Pertama, tidak disebutkan nominalnya di depan dan nanti dia diberi gaji setelah menyelesaikan tugas, dengan gaji yang pantas menurut kadar pekerjaan yang dia lakukan (ujratul mitsli) yang diambilkan dari harta zakat. Mungkin, ini semacam UMR di zaman kita.

Kedua, digaji dengan suatu bagian tertentu yang telah disebutkan nominalnya sejak awal dari harta zakat itu. Pemberian ini bisa disebut ujrah (upah, gaji) bisa juga kompensasi (ju’alah).

Tapi, gaji amil tidak boleh melebihi ujratul mitsli.
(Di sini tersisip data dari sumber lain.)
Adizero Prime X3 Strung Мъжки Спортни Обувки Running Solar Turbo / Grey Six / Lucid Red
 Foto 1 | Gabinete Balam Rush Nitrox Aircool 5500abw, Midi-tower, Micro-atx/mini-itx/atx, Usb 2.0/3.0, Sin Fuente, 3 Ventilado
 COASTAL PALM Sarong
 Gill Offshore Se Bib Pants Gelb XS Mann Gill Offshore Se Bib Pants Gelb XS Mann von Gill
Lantas, bagaimana jika negara menggaji amil lebih besar dari ujratul mitsli atau UMR?

Menurut Imam Nawawi, penetapan seperti itu — dan ini yang paling sahih menurut beliau — tidak sah dan amil tidak boleh menerima lebih dari ujratul mitsli yang diambilkan dari harta zakat. Menurut pendapat lain, penetapan seperti itu tidak batal, dan amil wajib digaji sesuai ujratul mitsli yang diambilkan dari harta zakat, lalu kekurangannya diambilkan dari baitul maal (kas negara). Alasannya, akad seperti itu sah dan konsekuensinya bersifat mengikat.

Imam Syafi’i dalam Kitab al-Umm (II/80) — menurut kami —  cenderung pada pendapat bahwa amil digaji sesuai kadar pekerjaannya.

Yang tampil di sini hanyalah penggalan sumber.